Slice up the house into zones. Abandon some. There’s wisdom in picking your battles, and your kids and spouse need space where they can be themselves without creating conflict. Define chaos zones and police their borders. It could be a child’s room, where you’ll let them run wild for a month at a time as long as nothing slips past the door into the rest of the house. It may be a corner of a room, where the toys can multiply and tangle to their hearts content, as long as they don’t travel past the edge of the rug. It might be that one chair where your husband loves to pile his worn-but-not-ready-to-wash outfits for days at a time.

The important thing is to identify those spaces to everyone involved, contain them and negotiate the terms of your treaty; utter lawlessness within the boundaries in exchange for a compact that the mess won’t spread. You’ll also need some consequences if the terms of the treaty get violated. More on that in the next tip.

Purge regularly

Things accumulate. It’s a very special subset of dark magic; you can’t stop it. The best way to regain some measure of control over your home is to schedule regular purges to void the excess. If you’re a super clutter-busting warrior, you may not need to schedule the weekly/monthly/quarterly/annual purge. For those of us who aren’t saints and find ourselves falling behind, a calendar item can help remind us it’s time to take matters into our own hands.

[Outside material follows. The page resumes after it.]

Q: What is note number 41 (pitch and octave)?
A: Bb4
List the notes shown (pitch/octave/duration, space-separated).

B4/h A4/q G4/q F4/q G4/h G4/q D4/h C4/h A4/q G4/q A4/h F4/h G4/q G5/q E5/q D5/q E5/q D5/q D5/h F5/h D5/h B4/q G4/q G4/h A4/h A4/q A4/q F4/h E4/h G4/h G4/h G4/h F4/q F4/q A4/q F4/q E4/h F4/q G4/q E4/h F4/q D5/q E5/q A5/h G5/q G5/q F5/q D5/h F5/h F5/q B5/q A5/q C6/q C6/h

Donate, recycle, or discard excess immediately. If it’s not being used, doesn’t have a clear plan for use, and doesn’t make someone happy, it needs to go, and it needs to go now. Inadequately purged items have a way of creeping back in from their piles near the back door or in the garage and sneaking off to hide in the dark corners of your home. Pro tip: automatic purging is an excellent way to police the borders of those defined chaos zones you negotiated in the last tip.

Tackle it in chunks

Whether you’re preparing for a scheduled purge, shepherding a family member through an unavoidable clearing of their established chaos zone, or trying to beat back the forces of dust and grime, it pays to tackle the adventure in bite-sized chunks.

Go room-by-room, and section-by-section within each room to turn an epic quest into an accessible side adventure. This applies to cleaning and tidying, purges and reorganizations, and the dreaded painting and redecorating. Taking on the worst, highest-priority messes first also makes the time you do put in more strategically effective. Organizing your home will be more manageable if you break the tasks down and do a little bit at a time, and you’ll be less likely to hide from the chore and hope it wanders off.

Invest in storage

Depending on your family, your luck, and your powers of mystical energy, you may be able to negotiate a loved one’s chaos zone right down into an enclosed space like a toy chest, cabinet, or closet. Good storage is accessible, has low visual impact, and hides its contents to create the illusion of minimalist peace and tranquility. Especially if you have visual design elements like a feature wall or a focal art piece, good invisible storage can help keep attention where you want it, and away from the clutter.

Hooks, pegboards, hanging pails, and open shelves create easy-to-use landing places, but do tend to add visual clutter. Drawers, doors, and curtained closets or cabinets look tidier but can be a barrier to organizing.

Make it a game

Create a system of rewards and penalties around organization. Competition works wonders for some personalities. Get a cute chalkboard or notepad, hang it in a high-traffic location, and get yourself a pack of 10 chalk pens of different colors to make it creative. You can use the colors to identify family members and/or types of content for at-a-glance ease of use.

Depending on the ages and interests of your children (or spouse), allowing artistic enhancement of this organizational hub may add to its mystical motivating powers. Using your chalkboard to also write personal notes, encouragement, goals, and inspirational quotes can also help position it as a fun part of day-to-day life and keep attention on it.

Creating a more organized family home can be a challenge, but negotiating some boundaries, cutting down on clutter and cleaning a little bit at a time, investing in storage that your family will actually use, and building some fun, interactive games around the ongoing process can help you in your quest.